[NaN].indexOf(NaN) === -1 VS Object.is(NaN, NaN)

Allen Wirfs-Brock allen at wirfs-brock.com
Thu Jun 14 16:34:26 PDT 2012


On Jun 14, 2012, at 3:25 PM, Mark S. Miller wrote:

> On Thu, Jun 14, 2012 at 7:59 PM, Andrea Giammarchi
> <andrea.giammarchi at gmail.com> wrote:
>> This is basically what I am doing except I find Array#indexOf as it is
>> pointless ... or better, something that should be fixed in the next version
>> of ECMAScript.
> 
> I agree. I argued that it should be fixed as of ES5, but lost the
> argument on compatibility grounds. No one had measurements either way,
> so in the absence of evidence we properly made the conservative
> choice. The other place where this occurs, and IMO is an even worse
> problem is switch:
> 
>    function sw(x) {
>      switch (x) {
>        case NaN: return 'match';
>        default: return 'default';
>      }
>    }
>    sw(NaN);    // returns: 'default'
> 
> 
> It's too late for ES6. In order to fix these for ES7, someone would
> need to gather evidence that the web corpus does not depend on the
> current broken behavior.

I disagree about the too lateness. Specification-wise this would be a minor change and the absolute cut-off date is about a year away.
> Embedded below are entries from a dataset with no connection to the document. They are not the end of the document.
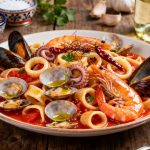 Come preparare un piatto di mare spettacolare a casa: ricetta irresistibile che farà impazzire i vicini
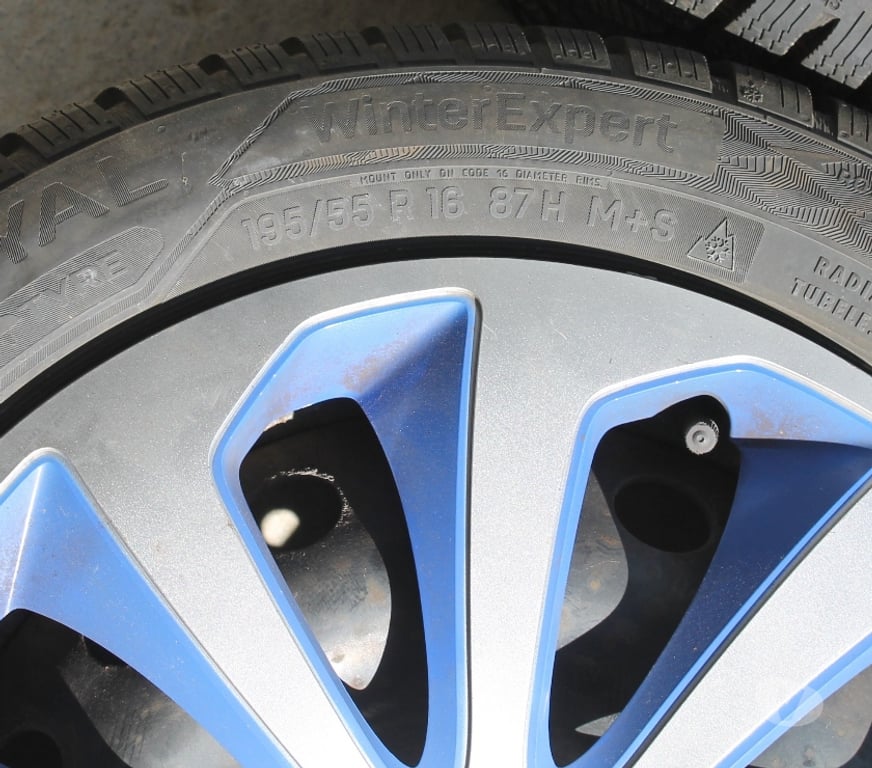 Pièces et services auto Philippeville - Photos Vivastreet 4x pneus hiver + jantes + enjoliveurs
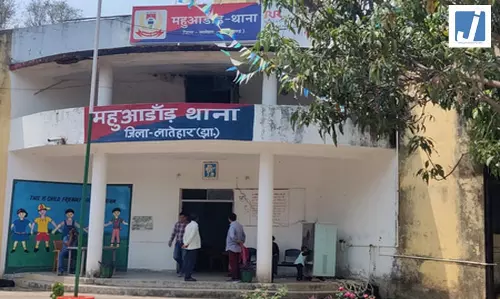 छोटे भाई ने बड़े भाई की धारदार हथियार से की हत्या, सामने आई वजह छोटे भाई ने बड़े भाई की धारदार हथियार से की हत्या, सामने आई वजह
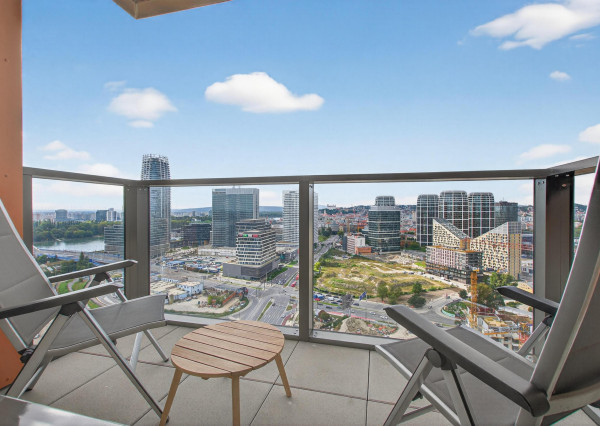 REZERVOVANÉ - Predávame nadštandardný 2. izbový byt v projekte Klingerka na 24. poschodí so západnou orientáciou a výhľadmi na hrad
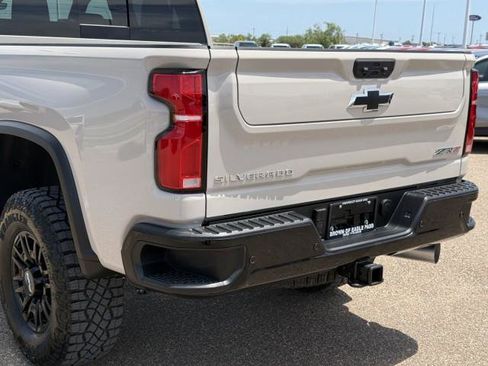 New 2026 Chevrolet Silverado 2500 ZR2 AWD/4WD image 21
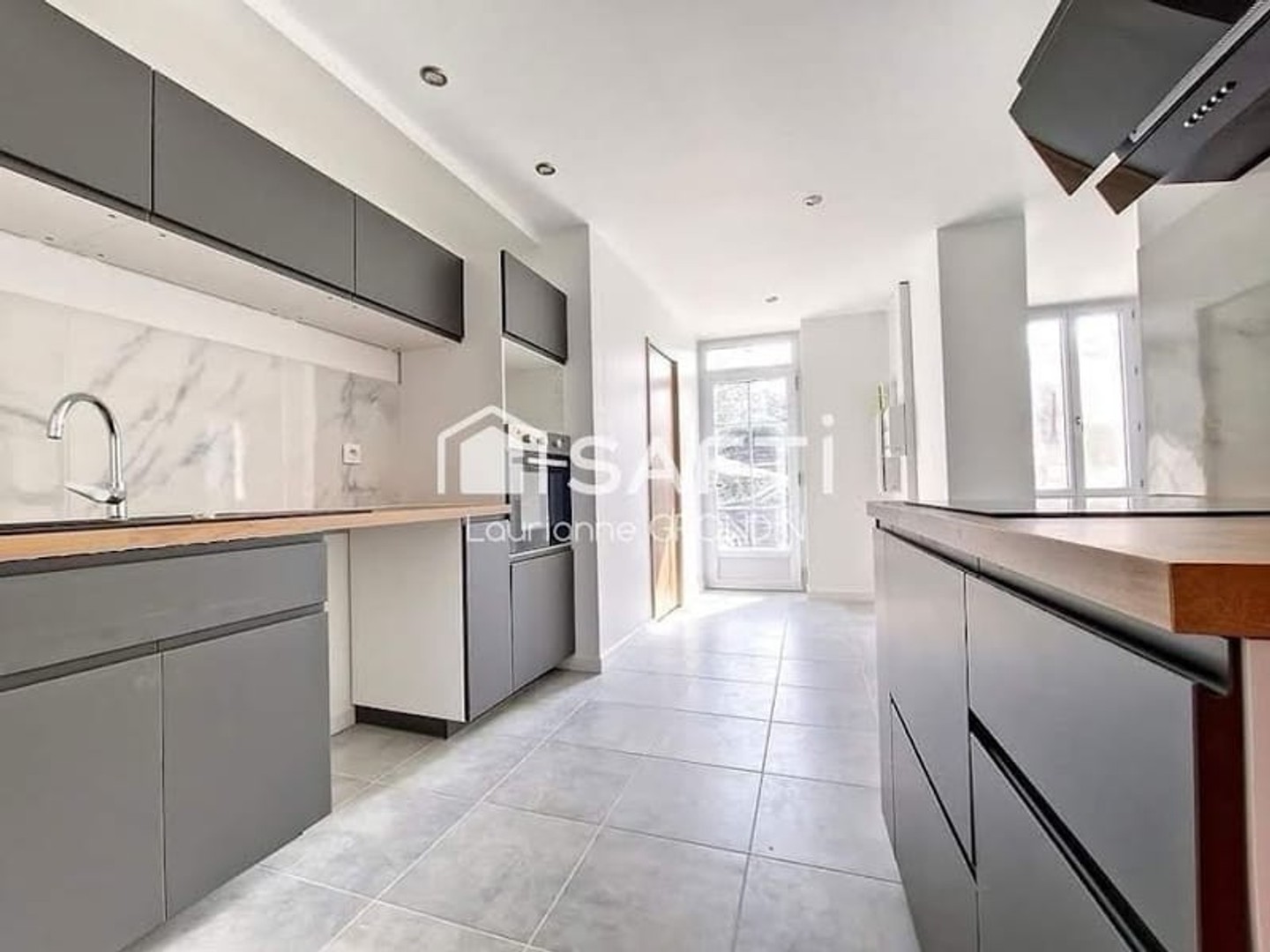 Maison à vendre - 5 pièces - 146m2 - Colombiers (17460)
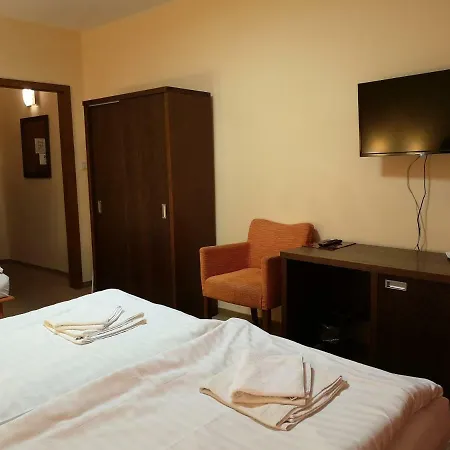 Hotel Garni Cosmopolitan 3*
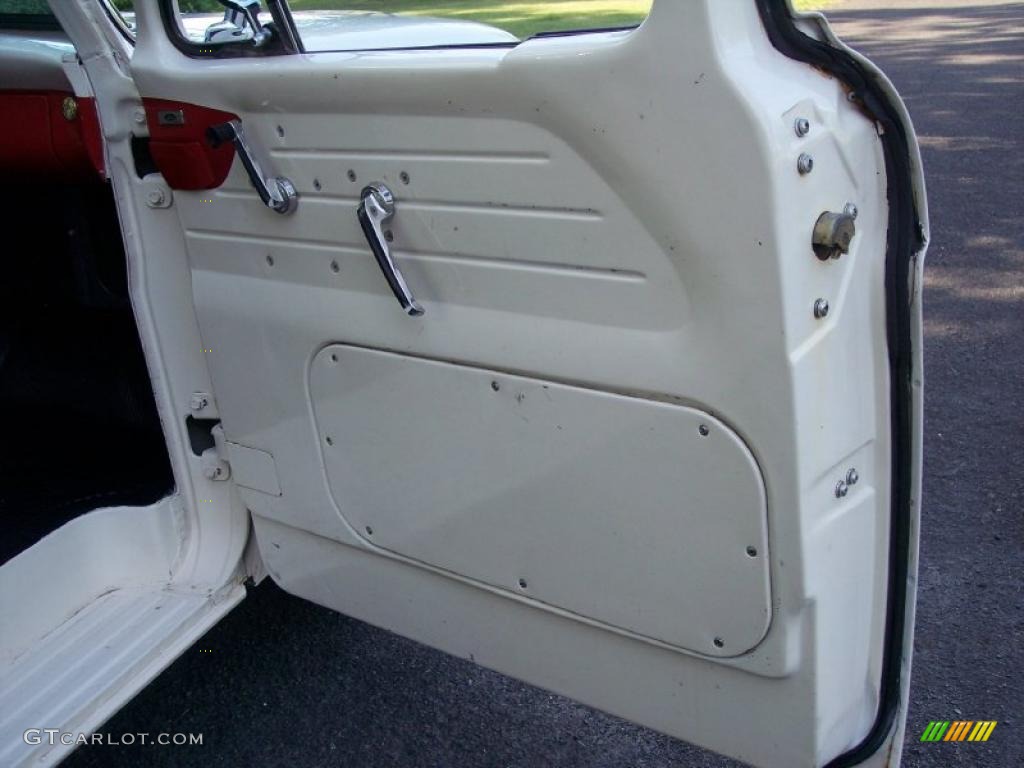 1962 F100 Custom Cab - Corinthian White / Grey photo #37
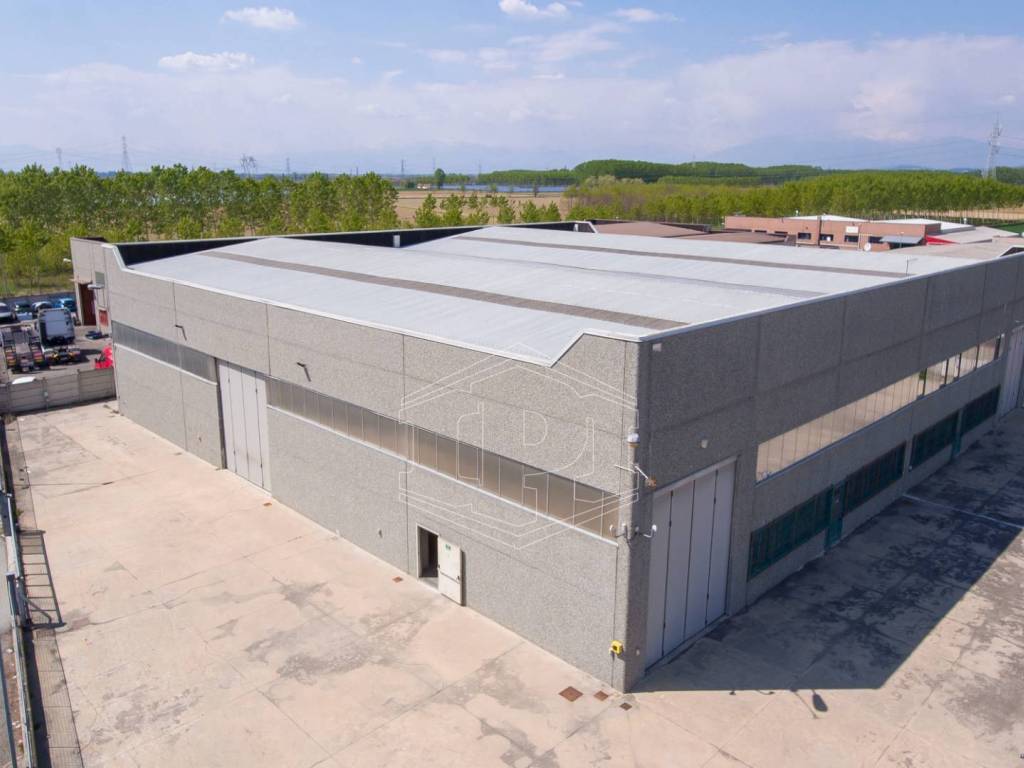 locale commerciale in vendita a Rondissone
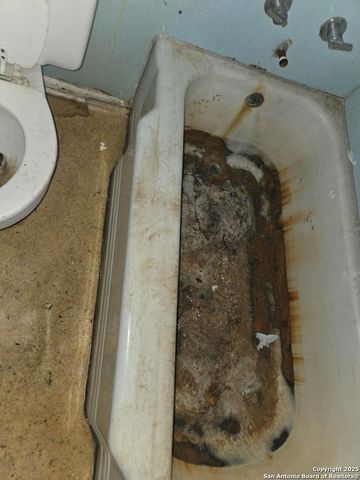 105 N Moss, Seguin, TX 78155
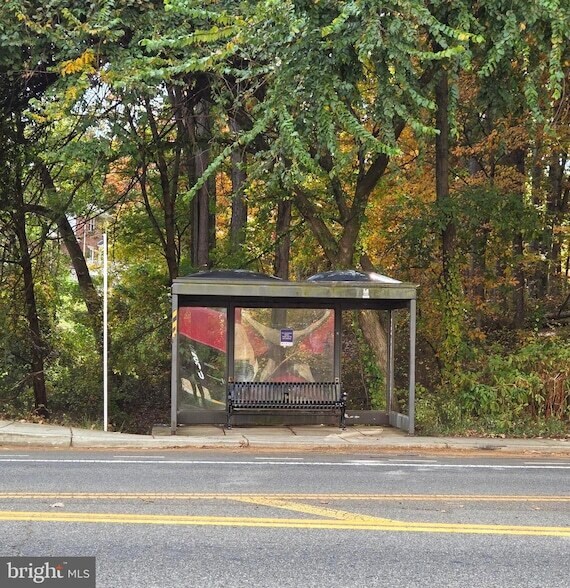 Building Photo - 2500 N Van Dorn St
If we actually had evidence that it was a safe breaking change we could do it.  Of course, getting that evidence is not a trivial matter.

Regarding switch statements.  We could make
     case NaN:
be an early error.  It wouldn't take care of computed NaN case expression values but it would take care of the obviously buggy literal cases like your example.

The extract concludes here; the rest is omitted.